From ac75617ac77a6e872b20dd2ecb409511a5c64247 Mon Sep 17 00:00:00 2001
From: Wilber <jiweibo@baidu.com>
Date: Fri, 10 Jun 2022 18:39:47 +0800
Subject: [PATCH] revert PR43039 (#43384)

---
 .../inference/tests/infer_ut/test_LeViT.cc    | 122 +++++++++---------
 .../kernels/funcs/concat_and_split_functor.cu |  38 +++---
 2 files changed, 79 insertions(+), 81 deletions(-)

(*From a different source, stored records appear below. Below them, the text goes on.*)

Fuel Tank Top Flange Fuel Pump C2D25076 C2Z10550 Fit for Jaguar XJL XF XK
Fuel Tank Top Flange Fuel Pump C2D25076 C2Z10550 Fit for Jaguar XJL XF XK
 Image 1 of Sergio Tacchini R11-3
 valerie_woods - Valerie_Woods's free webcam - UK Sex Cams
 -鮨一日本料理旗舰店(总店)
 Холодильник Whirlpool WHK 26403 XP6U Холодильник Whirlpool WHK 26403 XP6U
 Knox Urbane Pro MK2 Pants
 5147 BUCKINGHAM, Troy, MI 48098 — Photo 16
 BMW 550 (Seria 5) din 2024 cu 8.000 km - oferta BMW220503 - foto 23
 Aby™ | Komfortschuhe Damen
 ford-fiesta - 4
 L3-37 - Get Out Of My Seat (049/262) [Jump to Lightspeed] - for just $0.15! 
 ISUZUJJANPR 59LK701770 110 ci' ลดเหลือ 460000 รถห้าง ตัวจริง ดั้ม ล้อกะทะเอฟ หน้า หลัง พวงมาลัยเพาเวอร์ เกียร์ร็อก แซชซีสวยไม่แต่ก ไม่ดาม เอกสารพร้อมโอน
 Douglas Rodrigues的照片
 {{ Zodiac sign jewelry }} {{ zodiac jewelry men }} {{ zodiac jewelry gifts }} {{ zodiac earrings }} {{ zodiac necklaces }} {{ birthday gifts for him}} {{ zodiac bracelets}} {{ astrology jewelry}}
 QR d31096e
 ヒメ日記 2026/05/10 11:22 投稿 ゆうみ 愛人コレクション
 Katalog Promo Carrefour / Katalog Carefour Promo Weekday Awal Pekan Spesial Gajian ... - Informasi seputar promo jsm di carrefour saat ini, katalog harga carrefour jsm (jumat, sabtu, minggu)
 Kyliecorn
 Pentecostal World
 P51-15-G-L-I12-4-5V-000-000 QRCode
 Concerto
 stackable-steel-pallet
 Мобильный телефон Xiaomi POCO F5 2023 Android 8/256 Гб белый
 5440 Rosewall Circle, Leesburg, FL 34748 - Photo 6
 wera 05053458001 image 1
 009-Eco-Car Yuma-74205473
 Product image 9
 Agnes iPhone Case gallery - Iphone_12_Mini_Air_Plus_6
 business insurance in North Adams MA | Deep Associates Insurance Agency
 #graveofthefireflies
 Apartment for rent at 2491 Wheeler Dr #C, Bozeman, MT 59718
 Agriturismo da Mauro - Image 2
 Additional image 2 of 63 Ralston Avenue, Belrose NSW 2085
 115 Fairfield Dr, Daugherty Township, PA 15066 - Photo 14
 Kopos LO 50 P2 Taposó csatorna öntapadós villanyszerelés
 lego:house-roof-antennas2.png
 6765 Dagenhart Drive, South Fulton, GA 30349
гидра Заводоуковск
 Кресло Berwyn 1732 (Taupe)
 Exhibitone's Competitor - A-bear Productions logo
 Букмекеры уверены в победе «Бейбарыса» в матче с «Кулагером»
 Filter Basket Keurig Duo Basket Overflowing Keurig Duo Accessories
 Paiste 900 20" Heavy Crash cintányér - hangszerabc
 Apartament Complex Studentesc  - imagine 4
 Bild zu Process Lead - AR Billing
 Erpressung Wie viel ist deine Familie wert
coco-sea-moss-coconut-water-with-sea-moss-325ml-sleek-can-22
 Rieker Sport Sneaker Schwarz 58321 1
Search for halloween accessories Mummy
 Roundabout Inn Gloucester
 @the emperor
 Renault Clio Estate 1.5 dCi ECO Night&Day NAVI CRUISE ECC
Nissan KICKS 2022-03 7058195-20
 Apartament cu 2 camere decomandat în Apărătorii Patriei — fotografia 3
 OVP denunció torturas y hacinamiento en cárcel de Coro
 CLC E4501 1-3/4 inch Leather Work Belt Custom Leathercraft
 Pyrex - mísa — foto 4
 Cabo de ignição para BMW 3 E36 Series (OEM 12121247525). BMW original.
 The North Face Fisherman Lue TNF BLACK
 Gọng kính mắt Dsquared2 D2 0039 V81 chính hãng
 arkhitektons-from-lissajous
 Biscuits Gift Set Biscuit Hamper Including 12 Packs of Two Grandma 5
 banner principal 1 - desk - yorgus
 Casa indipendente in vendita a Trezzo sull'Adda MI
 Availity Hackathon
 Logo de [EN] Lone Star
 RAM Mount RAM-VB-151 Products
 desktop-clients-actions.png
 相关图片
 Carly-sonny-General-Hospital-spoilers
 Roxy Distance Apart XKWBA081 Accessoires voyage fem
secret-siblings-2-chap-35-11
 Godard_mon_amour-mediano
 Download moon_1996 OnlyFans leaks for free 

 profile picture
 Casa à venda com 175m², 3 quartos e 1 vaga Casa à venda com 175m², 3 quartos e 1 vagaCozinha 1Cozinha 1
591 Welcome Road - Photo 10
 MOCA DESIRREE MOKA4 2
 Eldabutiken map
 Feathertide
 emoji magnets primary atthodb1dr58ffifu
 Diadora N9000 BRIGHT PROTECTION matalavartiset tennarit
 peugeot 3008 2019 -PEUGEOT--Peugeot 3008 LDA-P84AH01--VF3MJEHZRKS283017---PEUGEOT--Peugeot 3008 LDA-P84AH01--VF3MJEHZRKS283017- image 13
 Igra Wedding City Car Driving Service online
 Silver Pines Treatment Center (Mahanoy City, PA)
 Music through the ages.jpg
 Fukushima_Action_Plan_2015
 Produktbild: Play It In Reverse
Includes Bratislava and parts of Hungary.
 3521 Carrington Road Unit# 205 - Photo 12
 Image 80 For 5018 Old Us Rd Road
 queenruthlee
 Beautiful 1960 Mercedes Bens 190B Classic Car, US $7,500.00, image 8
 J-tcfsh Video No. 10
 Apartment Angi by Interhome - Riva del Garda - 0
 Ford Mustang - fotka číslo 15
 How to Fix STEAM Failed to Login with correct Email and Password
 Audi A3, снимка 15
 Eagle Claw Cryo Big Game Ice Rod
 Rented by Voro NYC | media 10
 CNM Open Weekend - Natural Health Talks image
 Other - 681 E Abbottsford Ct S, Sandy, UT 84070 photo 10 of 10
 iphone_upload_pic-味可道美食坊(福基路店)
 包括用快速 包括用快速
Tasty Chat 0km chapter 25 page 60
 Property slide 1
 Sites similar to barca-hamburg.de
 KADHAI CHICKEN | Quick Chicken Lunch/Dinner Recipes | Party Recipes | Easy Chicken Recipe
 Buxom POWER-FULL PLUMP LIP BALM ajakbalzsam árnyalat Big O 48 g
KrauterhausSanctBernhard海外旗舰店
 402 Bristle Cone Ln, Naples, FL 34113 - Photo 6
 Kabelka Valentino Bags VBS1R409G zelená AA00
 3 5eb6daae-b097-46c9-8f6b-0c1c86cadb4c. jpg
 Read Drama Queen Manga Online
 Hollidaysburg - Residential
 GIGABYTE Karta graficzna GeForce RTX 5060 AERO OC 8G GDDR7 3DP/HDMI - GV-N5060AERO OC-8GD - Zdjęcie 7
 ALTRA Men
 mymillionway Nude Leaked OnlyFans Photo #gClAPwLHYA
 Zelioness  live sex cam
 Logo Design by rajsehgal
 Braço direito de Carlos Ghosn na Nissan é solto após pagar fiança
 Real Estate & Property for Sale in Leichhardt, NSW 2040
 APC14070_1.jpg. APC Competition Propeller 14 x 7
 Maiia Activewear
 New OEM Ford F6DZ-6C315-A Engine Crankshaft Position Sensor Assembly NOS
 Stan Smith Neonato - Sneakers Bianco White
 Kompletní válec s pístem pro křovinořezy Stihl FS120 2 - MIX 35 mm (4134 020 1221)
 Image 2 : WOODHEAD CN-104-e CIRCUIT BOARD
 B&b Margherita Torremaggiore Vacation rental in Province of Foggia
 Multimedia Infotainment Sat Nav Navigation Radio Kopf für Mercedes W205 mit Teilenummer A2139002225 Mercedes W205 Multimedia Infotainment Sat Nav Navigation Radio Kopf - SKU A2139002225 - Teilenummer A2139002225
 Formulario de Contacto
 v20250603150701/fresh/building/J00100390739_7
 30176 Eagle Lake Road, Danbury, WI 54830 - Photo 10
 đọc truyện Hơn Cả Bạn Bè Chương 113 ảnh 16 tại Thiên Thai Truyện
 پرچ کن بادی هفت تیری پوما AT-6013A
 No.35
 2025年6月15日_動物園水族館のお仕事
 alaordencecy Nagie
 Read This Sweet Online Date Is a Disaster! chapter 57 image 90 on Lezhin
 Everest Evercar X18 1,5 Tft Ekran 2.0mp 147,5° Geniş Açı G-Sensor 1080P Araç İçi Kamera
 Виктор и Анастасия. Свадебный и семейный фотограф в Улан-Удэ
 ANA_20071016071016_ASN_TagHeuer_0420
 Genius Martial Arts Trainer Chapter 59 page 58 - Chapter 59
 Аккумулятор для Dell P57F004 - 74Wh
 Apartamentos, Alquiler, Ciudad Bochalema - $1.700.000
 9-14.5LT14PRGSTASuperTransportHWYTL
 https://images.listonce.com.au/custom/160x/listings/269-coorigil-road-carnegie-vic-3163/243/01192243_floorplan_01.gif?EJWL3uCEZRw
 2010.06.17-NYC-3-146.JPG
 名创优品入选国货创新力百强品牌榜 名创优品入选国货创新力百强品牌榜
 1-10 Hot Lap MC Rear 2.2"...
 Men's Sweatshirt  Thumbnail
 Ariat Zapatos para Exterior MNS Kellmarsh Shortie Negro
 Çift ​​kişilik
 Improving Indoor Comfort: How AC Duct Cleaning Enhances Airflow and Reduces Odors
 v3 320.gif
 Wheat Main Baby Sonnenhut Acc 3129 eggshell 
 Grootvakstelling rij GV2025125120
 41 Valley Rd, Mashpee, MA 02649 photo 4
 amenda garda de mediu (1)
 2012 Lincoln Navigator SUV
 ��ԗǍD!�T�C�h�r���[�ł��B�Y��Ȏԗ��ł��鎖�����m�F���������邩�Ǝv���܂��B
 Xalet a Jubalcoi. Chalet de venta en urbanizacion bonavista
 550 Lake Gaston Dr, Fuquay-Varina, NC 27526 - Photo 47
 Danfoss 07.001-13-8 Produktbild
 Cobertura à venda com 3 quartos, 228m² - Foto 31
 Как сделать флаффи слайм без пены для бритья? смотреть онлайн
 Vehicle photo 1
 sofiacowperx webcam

diff --git a/paddle/fluid/inference/tests/infer_ut/test_LeViT.cc b/paddle/fluid/inference/tests/infer_ut/test_LeViT.cc
index c929869233..87b443278a 100644
--- a/paddle/fluid/inference/tests/infer_ut/test_LeViT.cc
+++ b/paddle/fluid/inference/tests/infer_ut/test_LeViT.cc
@@ -174,67 +174,67 @@ TEST(tensorrt_tester_LeViT, multi_thread4_trt_fp32_bz2) {
 }
 
 #ifdef PADDLE_WITH_GPU
-TEST(tensorrt_tester_LeViT, multi_stream_thread4_trt_fp32_bz2) {
-  int thread_num = 4;
-
-  // init stream
-  std::vector<cudaStream_t> streams(thread_num);
-  for (size_t i = 0; i < thread_num; ++i) {
-    cudaStreamCreate(&streams[i]);
-  }
-
-  // init input data
-  std::map<std::string, paddle::test::Record> my_input_data_map;
-  my_input_data_map["x"] = PrepareInput(2);
-  // init output data
-  std::map<std::string, paddle::test::Record> infer_output_data,
-      truth_output_data;
-  // prepare groudtruth config
-  paddle_infer::Config config, config_no_ir;
-  config_no_ir.SetModel(FLAGS_modeldir + "/inference.pdmodel",
-                        FLAGS_modeldir + "/inference.pdiparams");
-  config_no_ir.SwitchIrOptim(false);
-  // prepare inference config
-  config.SetModel(FLAGS_modeldir + "/inference.pdmodel",
-                  FLAGS_modeldir + "/inference.pdiparams");
-  config.EnableUseGpu(100, 0);
-  config.EnableTensorRtEngine(
-      1 << 20, 2, 50, paddle_infer::PrecisionType::kFloat32, false, false);
-  // get groudtruth by disbale ir
-
-  paddle_infer::services::PredictorPool pred_pool_no_ir(config_no_ir, 1);
-  SingleThreadPrediction(pred_pool_no_ir.Retrive(0), &my_input_data_map,
-                         &truth_output_data, 1);
-
-  // get infer results from multi threads
-  std::vector<std::thread> threads;
-  config.SetExecStream(streams[0]);
-  config.pass_builder()->DeletePass("add_support_int8_pass");
-  auto main_predictor = CreatePredictor(config);
-  std::vector<decltype(main_predictor)> predictors;
-  for (size_t i = 0; i < thread_num - 1; ++i) {
-    predictors.push_back(std::move(main_predictor->Clone(streams[i + 1])));
-    LOG(INFO) << "predictors[" << i << "] stream is "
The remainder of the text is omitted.